[addendum to post....so, I mentioned that I wasn't sure if this post would see 24 hours due to the possible TMI factor...but your comments were so good, and I appreciate the time they took to write, so I wanted to keep something up here to honor them....umm, so here goes]
I am sitting in millenium park in downtown Chicago listening to classical music. It's a nice night....a little sunny and nice wine.
So.....I have this 'friend'....she recently fell in love with someone who told her it was safe one second and then recanted the next, and then said something different the next..and, well, you get it. It didn't work out so well at all, lots of back and forth, lots of words, not sure which bits are true anymore, seems a big ole huge lot of it wasn't.
My 'friend' is moving along and away from it pretty good, although there are definately some moments.
Seems my 'friend' keeps getting given new bits of information about the situation from people...me personally, I am not sure if it's a good or a bad thing getting 'said' bits of information...makes the situation much uglier and nastier and liar-ier than my 'friend' even thought it was. But, I digress.
My 'friend' kicks herself often....feels icky, a little dumb and confused. 'Friend' is realizing more and more that she is a little naive, and that this half or no truth stuff isn't actually an isolated incident in the world of the person my 'friend' fell in love with. And whilst trying to own her part in the experience, grow and learn and all that self improvement kind of stuff, my 'friend' is having a bit of trouble working out what to do with all 'said' new pieces of information.
Latest revelation passed onto said 'friend' is that 'said' person that said 'friend' fell for, 'said' they broke up with ex (twice) but turns out that perhaps 'said' person hadn't really done so all along....that both my 'friend' and said 'ex' were kept in the dark..or in the pocket, or just fucked around with all the way along. Even though 'said' person 'said' all the right things about not wanting 'said' ex and her 'said' energy, in her life ever again and falling in love with said 'friend' and blah..blah..blah. (sorry to said 'friend'...no disrespect intended by the blah blah bit). Oh, and 'said' ex and and 'said' person, are now living together... just two months after final impact.

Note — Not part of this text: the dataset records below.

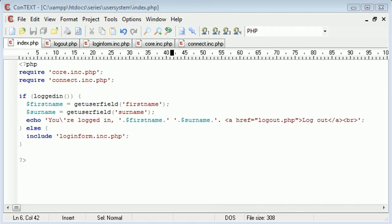Hi, this is Alex from phpacademy.org with another video for the New Boston. In this part of the user login registration tutorial, we're going to be looking at registering a user.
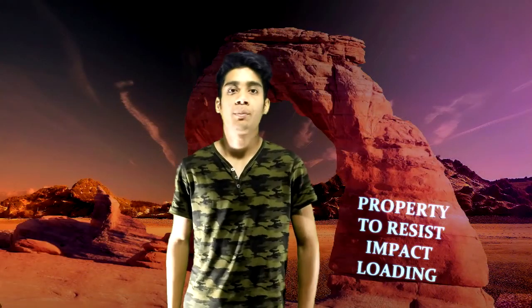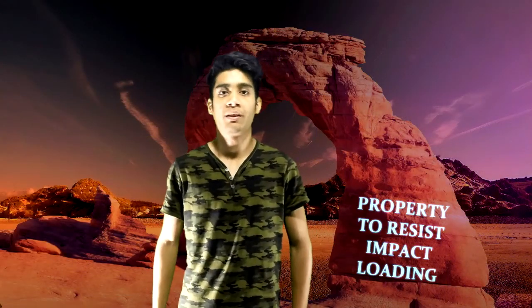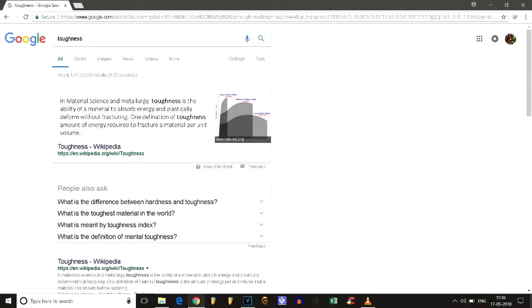But damage can also occur through impact loading — not just by scratching. Impact loading resistance is related to a different material property: toughness. In material science, toughness is defined as the amount of energy required to fracture a material per unit volume.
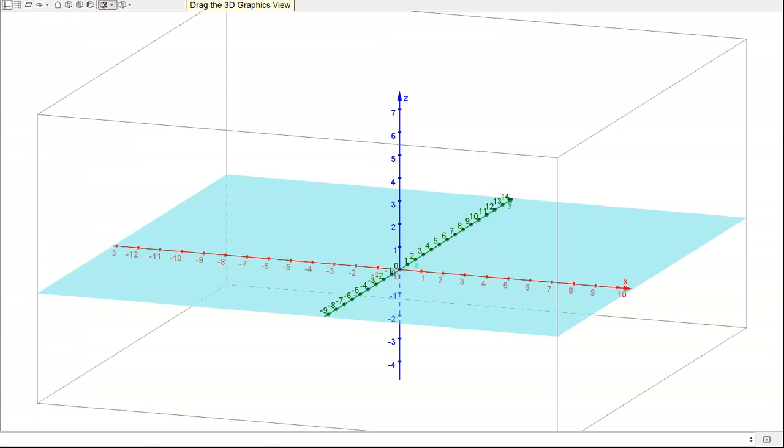The three-dimensional coordinate system, or the X, Y, Z coordinate system, can be subdivided into three planes. Let's take a minute and look at those.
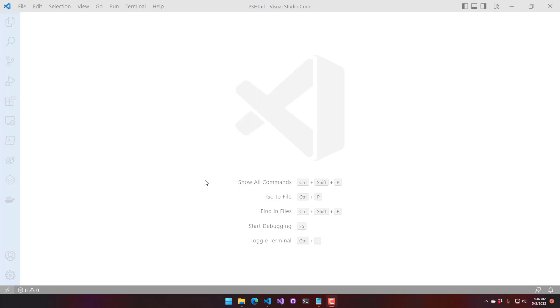I have a folder created called pshtml here, and we're actually going to take the HTML Agility Pack and build some cmdlets around it. The first thing I need to do is create a .NET project.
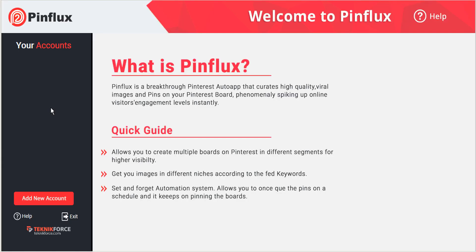Please check out our other Pinflux tutorials for more tips and tricks on how to get the most out of Pinterest. Thanks very much for watching!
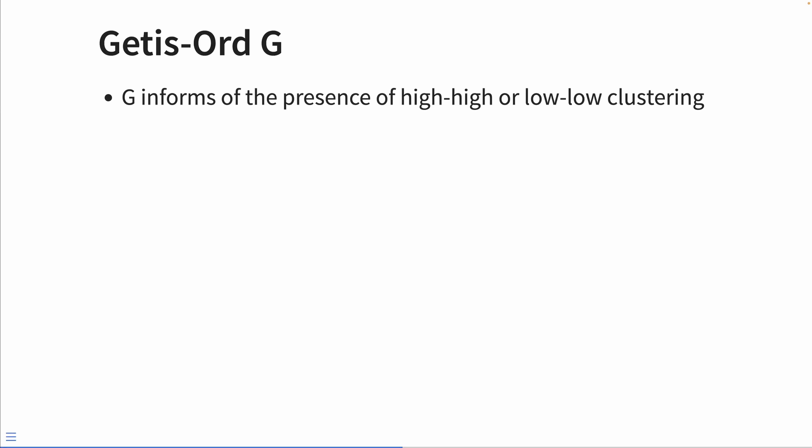That is, high values clustered around other high values and low values clustered around other low values. And the global G is defined as such. And don't worry, we're going to do our best to break it down, but maybe not in as much detail as we did with the spatial lag.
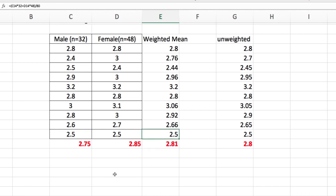And you will have this weighted mean of 2.81. So in fact, when we say we are computing for the weighted mean, we are assigning weights to the different groups such that those groups with more members, that means the N is higher than the other group, must receive higher weights. That is the reason why we call this as weighted mean.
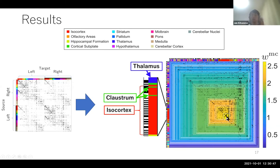Do you know which nuclei within the thalamus are within that grouping? Yes, I will tell you.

Sooo....if you were me, what would you tell said 'friend' in an effort to help her move through this as gracefully and with as few hangovers as possible (umm....not the drunk kind, but the 'after effects of finding out new yucky pieces of information' kind)? Coz, this is a totally fucked up situation and possibly some of us have been there before and how does one remain sweet and not just FUCKING ANGRY in a 'I HATE YOU, WISH YOU'D NEVER HAPPENED' kind of way?
Xxm
Who knows nothing it seems....
(and who just realized that this post is actually longer than the last....damn!!)